Ces trois années de riche expérience ont également eu un impact au sein des organisations traditionnelles de la classe ouvrière et des paysans. Les syndicats boliviens ont remplacé leur ancienne direction droitière et pro-gouvernementale par une autre, plus radicale, représentant le « bloc anti-néolibéral ». C’est la fédération des mineurs (traditionnellement, le pilier du mouvement ouvrier bolivien) qui a joué un rôle clé, en août 2003, dans l’élection d’une direction plus à gauche de la COB (la confédération syndicale du pays). Les nouveaux dirigeants de la COB, et en particulier son secrétaire Jaime Solares, qui vient de la fédération des mineurs, parlent d’un gouvernement des travailleurs et des paysans muni d’un programme socialiste, de milice ouvrière d’autodéfense, etc.

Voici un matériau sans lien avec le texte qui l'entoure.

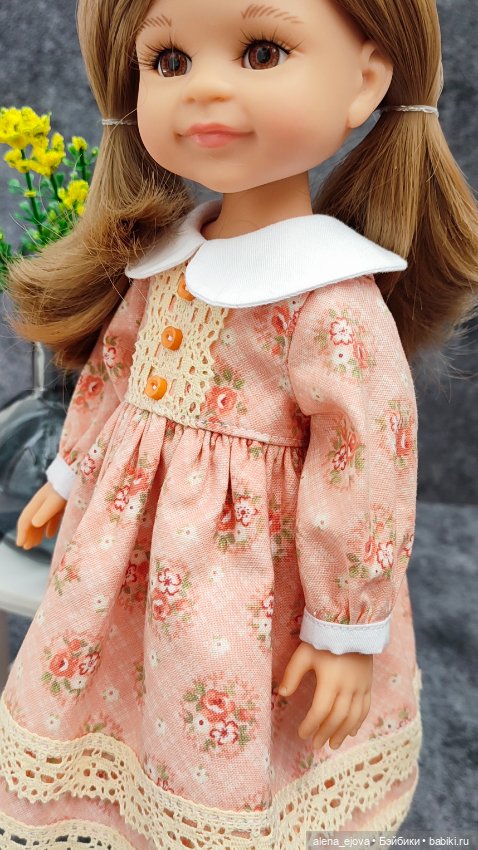 Чьё платье — Испанские куклы (разное): Vestida de Azul (фото 8)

Ceci est un reflet de la radicalisation de l’humeur des masses, mais c’est aussi une expression de la tradition trotskyste du mouvement ouvrier bolivien. Ceci dit, des discours radicaux ou à consonance « marxiste » ne garantissent pas la victoire pas à eux seuls. Au contraire ils peuvent même souvent mener à la défaite. Pendant l’insurrection d’octobre, ce furent précisément les hésitations de ces dirigeants au moment décisif qui ont permis à la classe dirigeante de sacrifier le président Sanchez de Lozada et de lui substituer un autre politicien bourgeois, Carlos Mesa.

L’importance du mouvement d’octobre vient de ce qu’il a clairement posé la question du pouvoir. A El Alto, les travailleurs et la population ont formé des soviets embryonnaires, sous la forme des « Juntas Vecinales » (des juntes de quartier). Un appel à la formation de comités d’autodéfense a été lancé. Des sections de la police ont fraternisé avec les manifestants, et même au sein de l’armée des soldats ont refusé de tirer sur la foule. Pendant quelques jours, il y a eu une lutte entre le président, qui ne contrôlait plus grand-chose, et les travailleurs et paysans qui détenaient le pouvoir réel dans les rues. N’en déplaise aux intellectuels de « gauche », c’est une fois de plus la classe ouvrière à travers ses organisations, et en particulier les mineurs, qui ont joué le rôle clé dans le soulèvement. Toutes les autres sections de la société cherchaient une direction dans les organisations syndicales.

Le mouvement n’a pas été battu, mais juste temporairement dévié. Le gouvernement de Mesa n’a pas de marge de manœuvre, et ne tardera pas à faire face à un nouveau soulèvement. A un certain stade, la classe dirigeante devra intégrer certains dirigeants des travailleurs et des paysans au sein du gouvernement. Evo Morales et son Mouvement Vers le Socialisme (MAS) sont les candidats parfaits pour jouer ce rôle. Cependant, il ne s’agira pas d’un gouvernement de gauche normal, mais d’un gouvernement sous haute pression de la base et dont les masses ne toléreront aucun mouvement vers la droite.

L’idée d’une Assemblée Constituante, qu’avancent certains dirigeants de gauche (ainsi que certaines sectes d’extrême gauche), sera probablement utilisée par la classe dirigeante pour tenter de résoudre la crise de légitimité du régime.